CVE-2017-14101 in Conserus Image Repository Archive Solution
Summary
by MITRE
A security researcher found an XML External Entity (XXE) vulnerability on the Conserus Image Repository archive solution version 2.1.1.105 by McKesson Medical Imaging Company, which is now a Change Healthcare company. An unauthenticated user supplying a modified HTTP SOAP request to the vulnerable service allows for arbitrary file read access to the local file system as well as the transmittal of the application service's account hashed credentials to a remote attacker.
If you want to get best quality of vulnerability data, you may have to visit VulDB.
Analysis
by VulDB Data Team • 12/15/2019
The CVE-2017-14101 vulnerability represents a critical XML External Entity processing flaw within the Conserus Image Repository archive solution version 2.1.1.105 developed by McKesson Medical Imaging Company, which later became part of Change Healthcare. This vulnerability exists in the SOAP-based web service interface that processes image repository requests, creating an attack surface where malicious actors can exploit improper XML parsing mechanisms. The flaw specifically manifests in the application's handling of external entity references within XML documents, allowing attackers to manipulate the parsing process through crafted SOAP requests. The vulnerability's classification aligns with CWE-611, which identifies improper restriction of XML external entity references as a fundamental weakness in web application security architecture.
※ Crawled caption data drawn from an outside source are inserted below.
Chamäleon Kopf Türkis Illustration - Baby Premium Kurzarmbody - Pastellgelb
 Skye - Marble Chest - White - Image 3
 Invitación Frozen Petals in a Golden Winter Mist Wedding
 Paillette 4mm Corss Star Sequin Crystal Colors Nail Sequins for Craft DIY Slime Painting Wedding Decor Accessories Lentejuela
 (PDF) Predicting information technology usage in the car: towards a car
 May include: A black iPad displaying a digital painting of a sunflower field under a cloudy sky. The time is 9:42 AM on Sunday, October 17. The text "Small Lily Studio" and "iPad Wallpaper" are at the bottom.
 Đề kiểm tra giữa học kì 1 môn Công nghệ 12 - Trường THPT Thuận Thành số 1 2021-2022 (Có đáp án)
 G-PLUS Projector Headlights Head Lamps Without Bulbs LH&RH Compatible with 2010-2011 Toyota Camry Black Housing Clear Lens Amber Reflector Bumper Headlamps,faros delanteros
The technical exploitation of this XXE vulnerability occurs when an unauthenticated attacker submits a modified HTTP SOAP request containing malicious XML content that references external entities. The application's XML parser processes these entities without proper validation, enabling the attacker to perform arbitrary file reads from the local file system where the application operates. This access extends beyond simple file enumeration to potentially expose sensitive application configuration files, database connection details, and other critical system resources. Additionally, the vulnerability permits the extraction of hashed credentials from the application's service accounts, which can be transmitted to remote attacker-controlled servers through the same XML processing mechanism. This dual impact of local file access and credential extraction creates a comprehensive attack vector that can compromise both system integrity and authentication mechanisms.
The operational impact of CVE-2017-14101 extends beyond immediate data theft to encompass potential system compromise and regulatory violations within healthcare environments. Healthcare organizations utilizing this imaging repository solution face significant risks including unauthorized access to patient medical records, exposure of protected health information, and potential disruption of critical medical imaging workflows. The vulnerability's unauthenticated nature means that any external attacker can exploit it without requiring legitimate credentials, making it particularly dangerous in network environments where such systems may be exposed to the internet. The extracted hashed credentials could facilitate further attacks through credential reuse or password spraying techniques, potentially leading to privilege escalation within the healthcare network. This vulnerability directly impacts the security posture of medical imaging systems and could violate healthcare compliance requirements such as HIPAA regulations.
Mitigation strategies for CVE-2017-14101 should focus on implementing robust XML parser configurations that disable external entity processing and DTD (Document Type Definition) resolution. Organizations should deploy input validation mechanisms that sanitize all XML content received through SOAP interfaces, particularly within healthcare environments where such systems handle sensitive data. Network segmentation and access controls should be implemented to limit exposure of the vulnerable service to untrusted networks. The application should be updated to a patched version that properly handles XML parsing without allowing external entity references. Security monitoring should include detection of suspicious SOAP request patterns and unusual file access attempts. According to ATT&CK framework technique T1213, this vulnerability could be leveraged for data exploitation through the extraction of stored credentials and files, making it a significant concern for healthcare security teams. Regular security assessments and vulnerability scanning should be conducted to identify similar XXE vulnerabilities in other applications within the healthcare ecosystem.